O my God, I trust in thee: let me not be ashamed, let not mine enemies triumph over me."
a após 13 episódios. Ele recebe o apelido de Anjo pelo próprios companheiros de pelotão que se espantam com o incrível talento dele. Avery King apesar de ser um atirador de elite não gosta de matar, ele o faz porque é obrigado e porque é extremamente habilidoso. E a maior diferença entre as duas produções está no período em que elas ocorrem. Em “O Resgate...” (2a Guerra) os soldados são recrutados, é uma forma muito mais amadora, onde eles estão lá para defender uma nação enquanto em “Over There” (2a Guerra do Iraque) eles são profissionais. Mesmo assim, o primeiro (Jackson) recrutado parece muito mais disposto a aceitar a tarefa de matador que o profissional “Angel”, que o faz quase reclamando e explicando que não gosta de matar.Na cena mais antológica de Avery, que não achei nem mesmo no Youtube, ele é um dos encurralados por iraquianos milicianos em ampla maioria. Um dos soldados chama desesperadamente pelo rádio por reforços e ouve uma pergunta sobre o número de inimigos, e enquanto o soldado tenta descobrir a informação, Avery, o Anjo, vai matando um a um tornando a informação imprecisa segundo a segundo causando dúvidas sobre a real necessidade de esperar por reforços já que ele sozinho estava vencendo todos.
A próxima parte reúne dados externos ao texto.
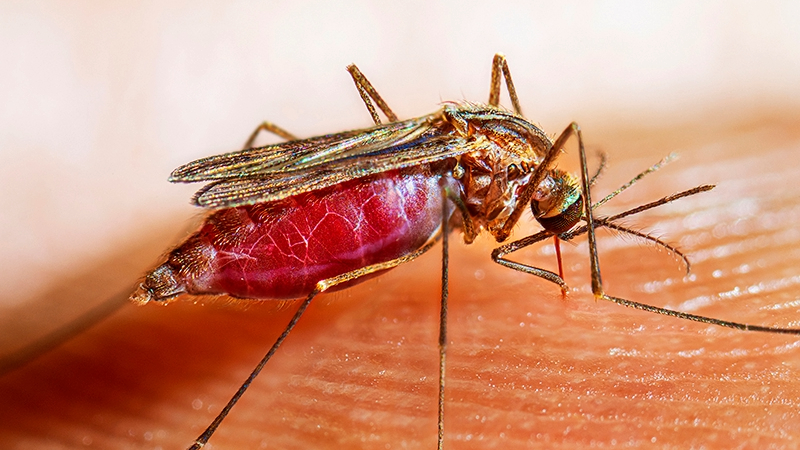 Fighting the World’s Deadliest Animal | Global Health Fighting the World’s Deadliest Animal | Global Health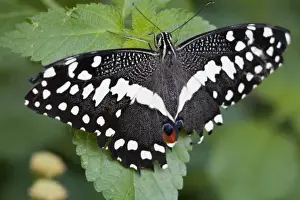 Images Dated 29th March 2007: USA, Georgia, Pine Mountain. A swallowtail butterfly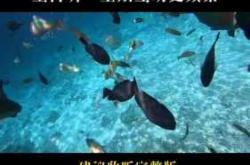 1岁宝宝还适合听胎教音乐吗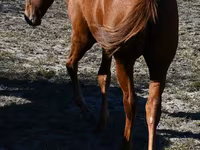 Égua, Quarter Horse — foto 5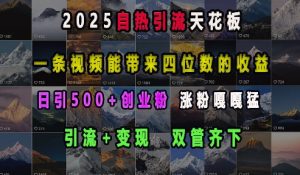 2025自热引流天花板，一条视频能带来四位数的收益，引流+变现双管齐下，日引500+创业粉，涨粉嘎嘎猛-知识创作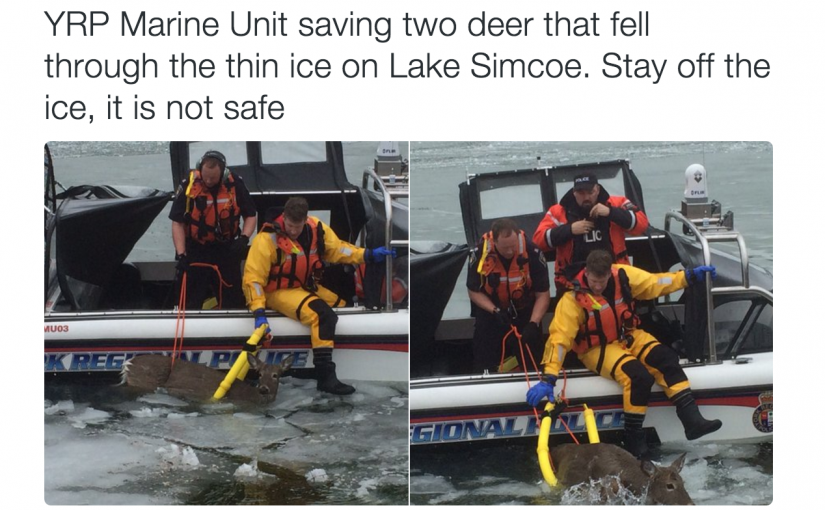 Oh Deer！水警營救兩隻卡在冰面的鹿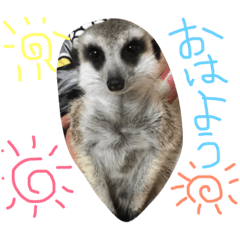 [LINEスタンプ] 金子ペッズ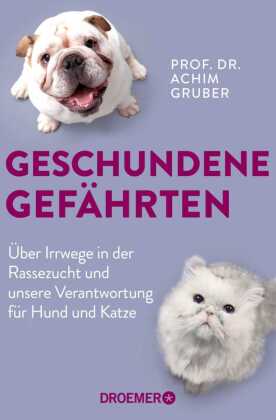 Geschundene Gefährten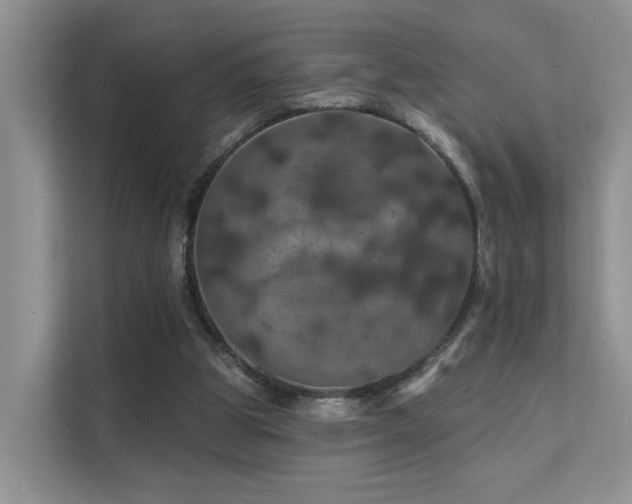 X0000112160153200908071145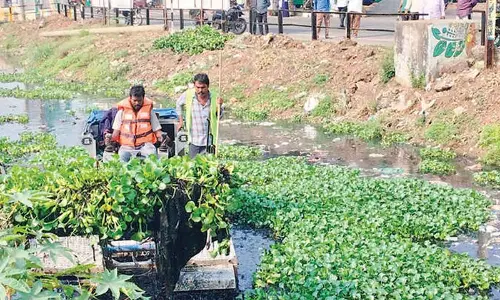 VMC takes up desilting, weed removal works VMC takes up desilting, weed removal works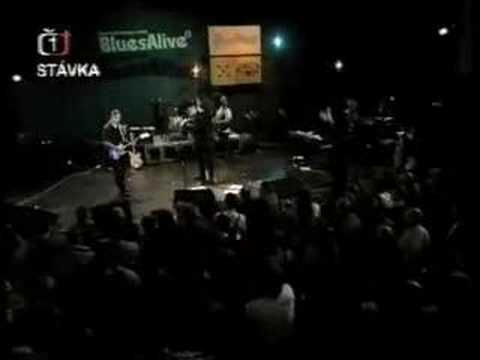 Profilový obrázek - Kava Kava's Pat Fulgoni at Sumperk Blues Alive Festival, Czech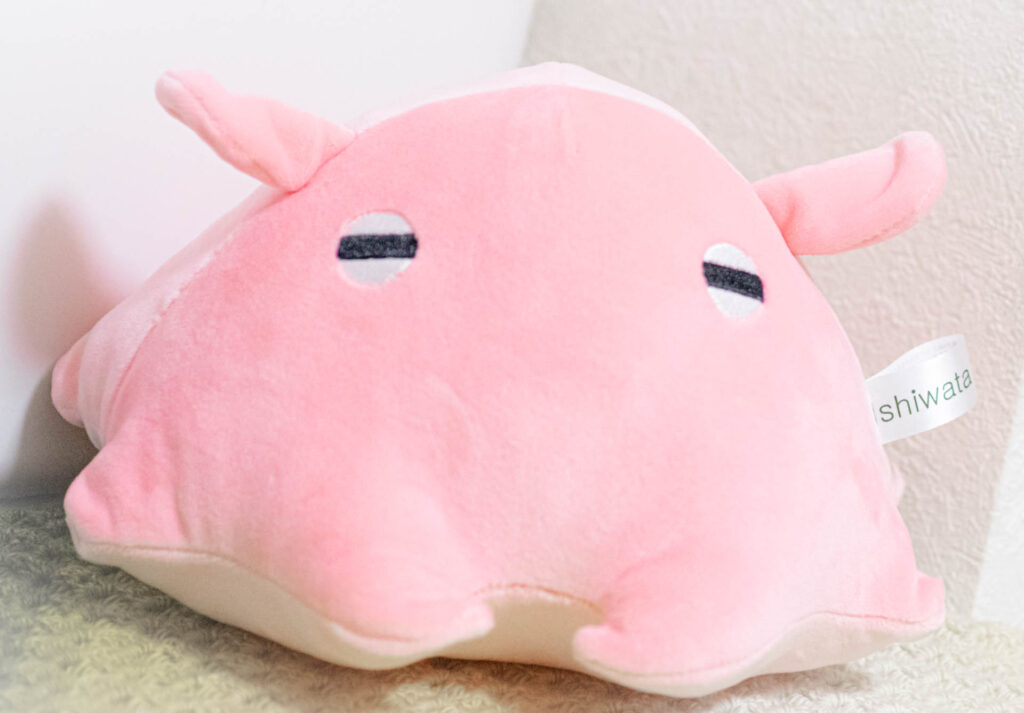 ぬいぐるみ　めんだこ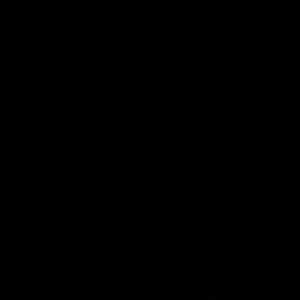 Meet your Posher, Sabrina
E em um episódio com uma 2a participação ele é apresentado a um dos inúmeros conflitos existenciais sobre matar um suspeito ou não. Aqui não posso me alongar sob risco de estragar a surpresa e o debate com os tais valores pessoais, mas o modo como essas “crises existenciais de guerra” aparecem na série é sem dúvida alguma seu maior atrativo.
Se os piratas somalianos assistissem mais cinema americano, teriam libertado o capitão logo de cara. Não o fizeram e assim perderam 3 piratas.

2 comentário(s):
Post animal!
Barry Pepper é inigualável como o sniper em "O resgate do soldado Ryan". Aquela reza dele é o toque final!
Outro sniper muito bom está em "Perigo real e imediato", onde o cara fica escondido no mato atirando numa placa ao lado do instrutor que fica, inutilmente, tentando localizá-lo.
Outro exemplo muito bom de diferentes formas de negociar reféns está em "Munique", sobre o desastroso resgate dos reféns durante as Olimpíadas naquela cidade. Bom, na verdade o filme é sobre a vingança póstuma.
O lance é que quando há possibilidade de negociação, abre-se as portas aos malfeitores. Quando fica explícito que o bicho vai pegar - seja com a SWAT ou com o Mossad - aí o buraco é mais embaixo...
Abraço, Rodolfo.
Que bom que gostou! Duvido que surja em curto prazo algum sniper melhor que ele! A reza é emocionante!!!!
Eu sou teórico do negociar JAMAIS com terrorista!